Setelah beberapa menit perjalanan, bis kami belok kiri dan
naik keatas bukit sebelum kami sampai di sebuah bendungan yang besar. Selama
disana kami dipandu oleh seorang guide yang menunjukkan hal-hal penting
mengenai bendungan ini, khususnya fungsinya untuk menyediakan air minum untuk
daerah metropolitan Perth.
Bendungan Serpentine, dilihat dari atas.
Kami tidak lama berada di bendungan. Tak lama kami berangkat
lagi menuju ke air terjun Serpentine yang terletak beberapa kilo dari
bendungan. Dibanding bendungan, air terjun ini lebih menarik untuk dikunjungi. Disini kita bisa menikmati pemandangan air
terjun serta hutan di sekelilingnya. Di musim panas, tempat ini sangat populer buat
pelancong (baik lokal maupun mancanegara) yang mau piknik dan berenang di danau
dibawah air terjunnya. Tapi karena hari itu pas pertengahan musim dingin
(walapun cuacanya cerah) kami tidak tertarik untuk berenang di airnya yang
membeku!
Air terjun Serpentine difoto di bulan Agustus 1997. Perhatikan ada turis di kanan atas.
Dari air terjun, kita menuju ke taman disini dimana kita
mengadakan pesta barbeque (atau dikenal dengan sebutan “Barbie” buat orang
Australia).
Ini pertama kalinya saya ikut pesta barbeque kaya begini.
Jadi kita bakar-bakar dan masak daging yang kita bawa di kompor yang disediakan
di taman. Disini ada beberapa kompor permanen yang bisa dipakai pengunjung.
Cukup dengan masukan koin $2 di slot dan kita bisa memakainya selama beberapa
jam untuk memasak.
Kawan-kawan sekelas memasak bareng daging dengan bumbu Korea dan Jepang.
Kita memasak dan makan semua daging yang kami bawa dari
rumah di kompor ini (termasuk daging ayam dan sapi Halal yang sebelumnya sudah
disiapkan Feroza dari rumah), ditemani minuman ringan seperti Coca Cola,
Sprite, dll.
Bersiap memasak daging yang saya bawa dari rumah. Untungnya tidak ada yang terluka kena pisau.
Acara piknik ini benar-benar menyenangkan. Kami menikmati
makanan yang lezat sambil dikelilingi pemandangan indah, dan bermain-main
dengan kawan-kawan. Tidak heran orang Australia menganggap pesta “Barbie”
sebagai hal yang penting untuk menghabiskan akhir minggu atau liburan dengan
keluarga dan kawan-kawan.
Kalau tidak salah kompornya cuma ada satu, sehingga masaknya antri.
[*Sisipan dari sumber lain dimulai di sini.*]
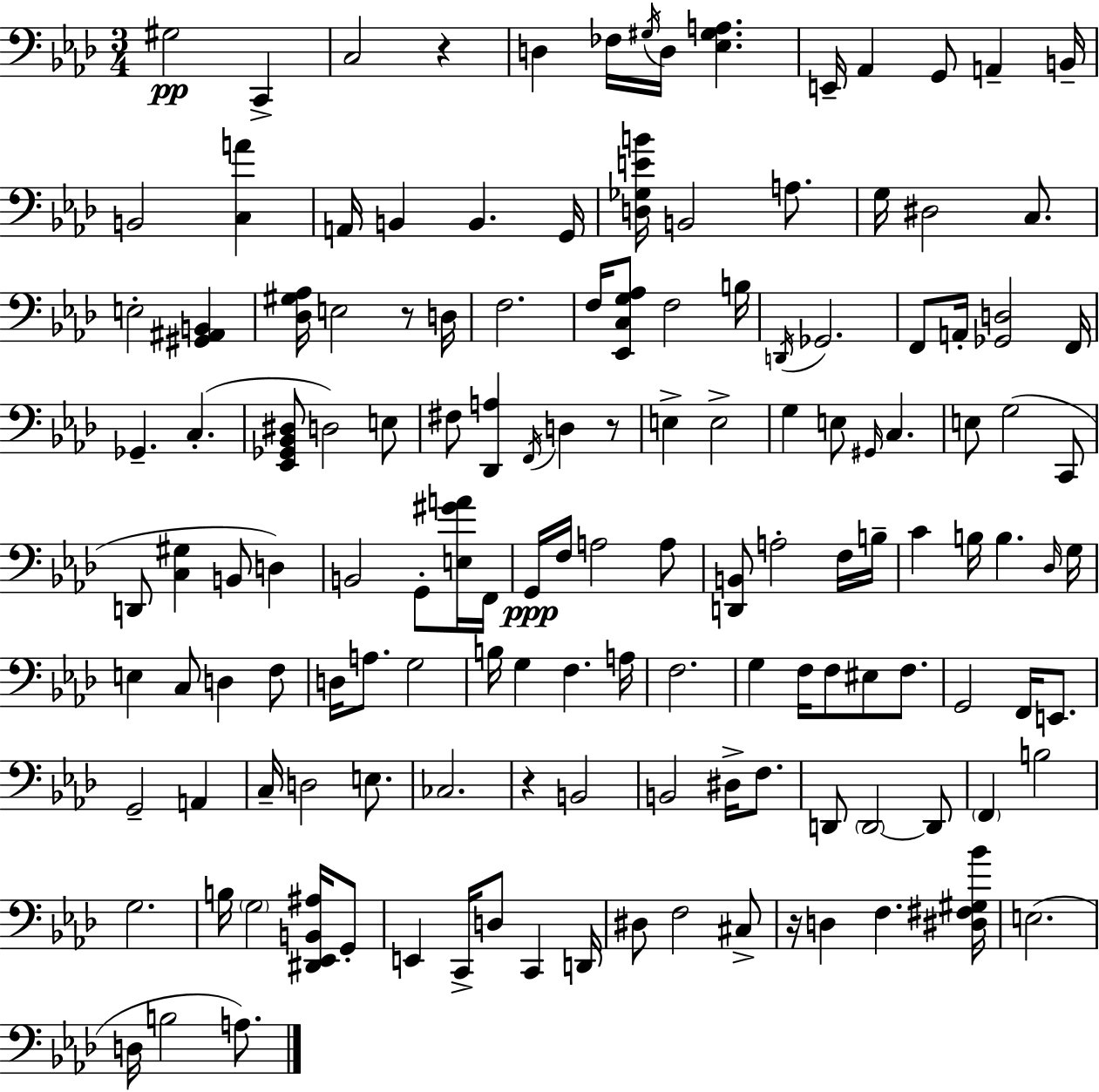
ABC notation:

Selama pesta piknik, saya juga berkenalan dengan anak-anak
dari kelas lainnya.
Salah satunya adalah Aven. Dia adalah anak Indonesia dari
Jakarta. Seperti saya, dia juga mengambil kursus bahasa Inggris untuk persiapan
kuliah di Australia. Aven adalah anak yang ramah dan menyenangkan. Dia punya
selera humor yang tinggi. Walaupun bahasa Inggrisnya tidak lancar, dia bisa
menghibur anak pelajar lain dari negara yang berbeda. Kita berhubungan baik
selama masa kuliah, walaupun kesibukannya menghalangi dia jadi kawan dekat
saya seperti halnya Sung Ho.
Foto bareng dengan cewek-cewek Jepang dan Aven (bertopi putih). Patrick* ada di sebelah kiri belakang, melihat ke arah kita.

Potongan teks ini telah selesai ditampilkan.